• DATASET RECORDS
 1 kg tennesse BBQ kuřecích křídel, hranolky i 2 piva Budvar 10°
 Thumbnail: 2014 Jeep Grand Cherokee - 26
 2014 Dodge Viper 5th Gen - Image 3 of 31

---

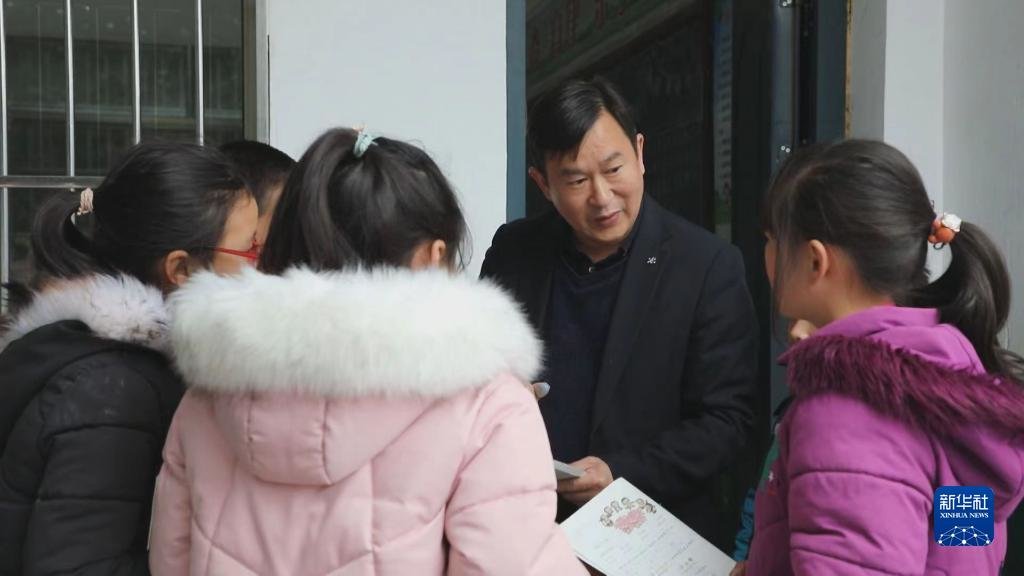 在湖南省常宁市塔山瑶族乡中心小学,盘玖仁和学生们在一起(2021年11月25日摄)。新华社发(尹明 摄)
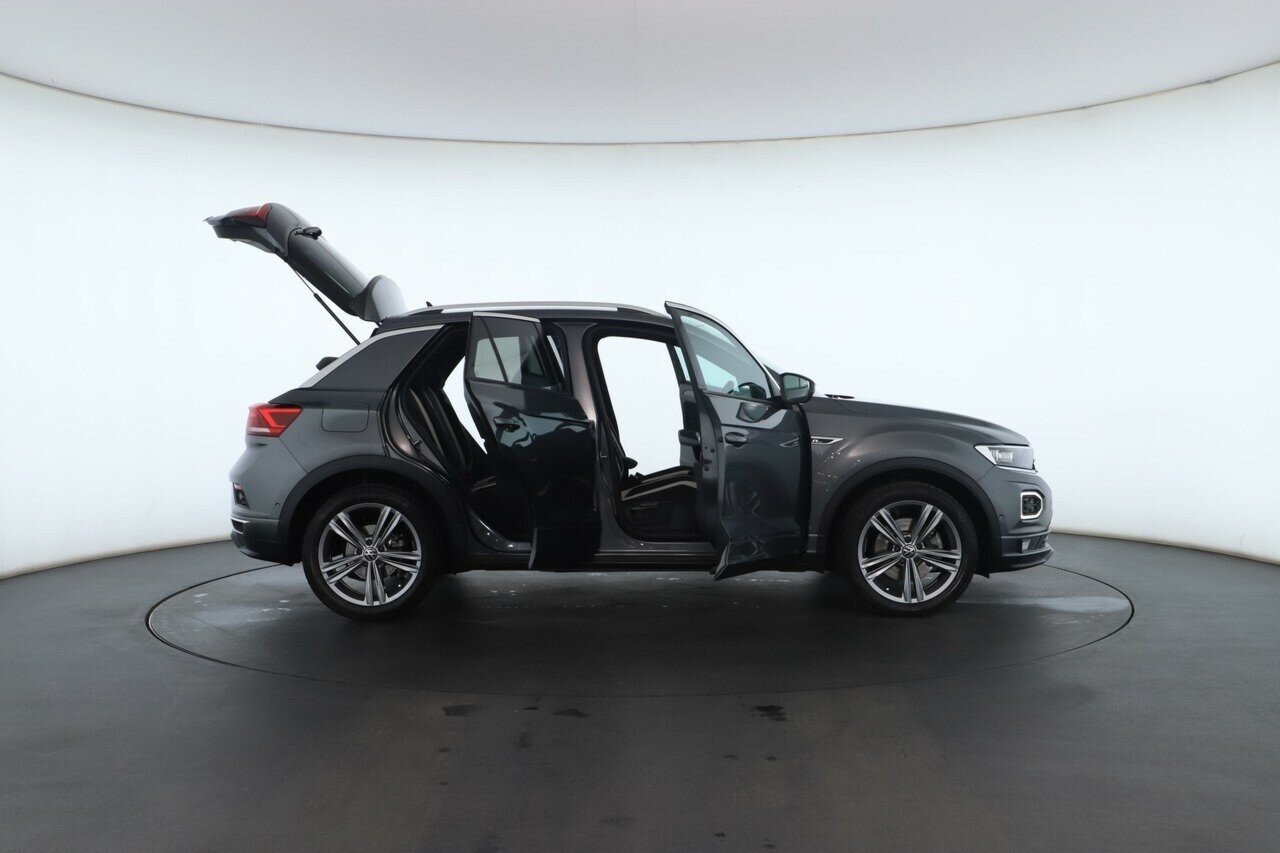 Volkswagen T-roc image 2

• PROBLEM REQUIREMENTS
Both end lines included, restate word for word the lines above from the line with "Thumbnail: 2014 Jeep Grand Cherokee - 26" to the line with "2014 Dodge Viper 5th Gen - Image 3 of 31", and nothing else.

• ANSWER SECTION
 Thumbnail: 2014 Jeep Grand Cherokee - 26
 2014 Dodge Viper 5th Gen - Image 3 of 31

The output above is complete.